Data shown:
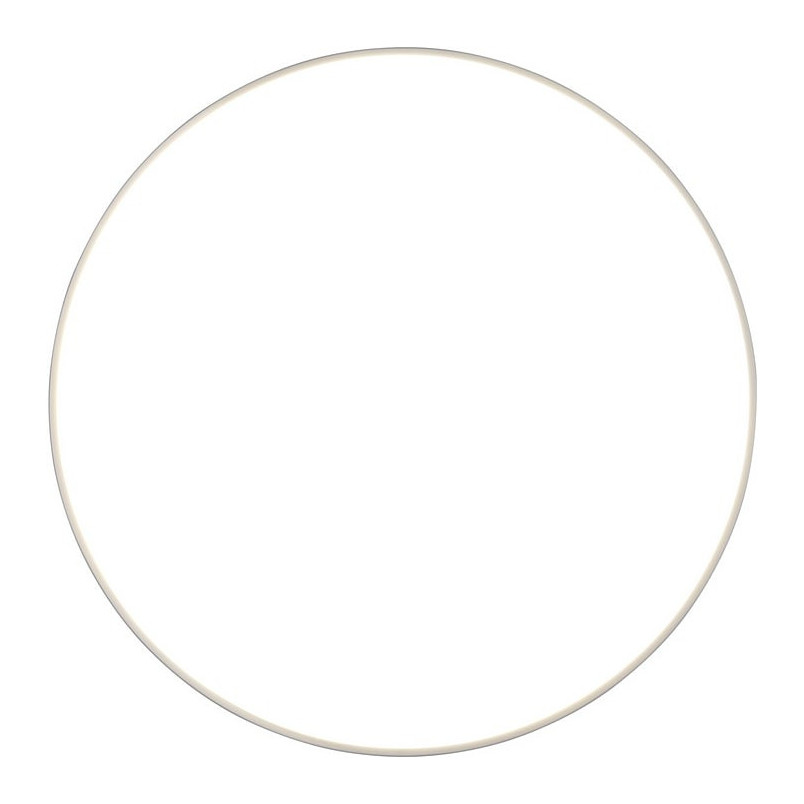 Plafon okrągły do łazienki Spical LED 4000K 27cm tytanowy Reality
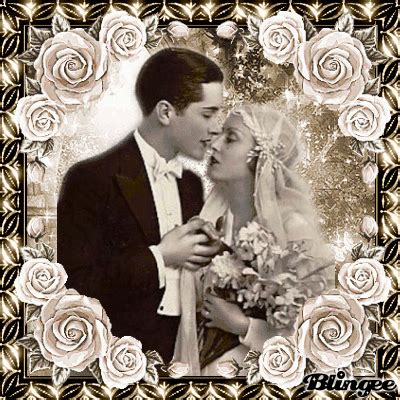 Share the best gifs now >>>. Romantische Hochzeit Picture #137483202 | Blingee.com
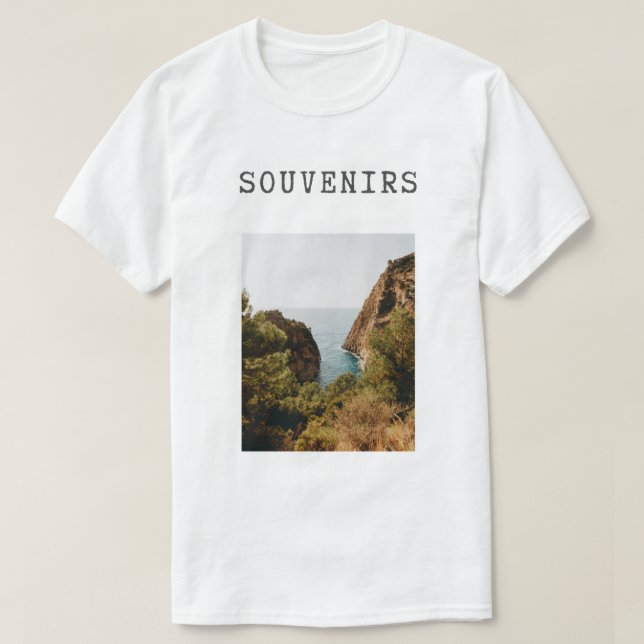 Tshirt for men souvenir  (Design Front)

Exercise directions:
Your answer must be the lines from the one containing "Share the best" through the last line of the listing above, restated word for word, with no pictures.

Answer for the task:
 Share the best gifs now >>>. Romantische Hochzeit Picture #137483202 | Blingee.com
 Tshirt for men souvenir  (Design Front)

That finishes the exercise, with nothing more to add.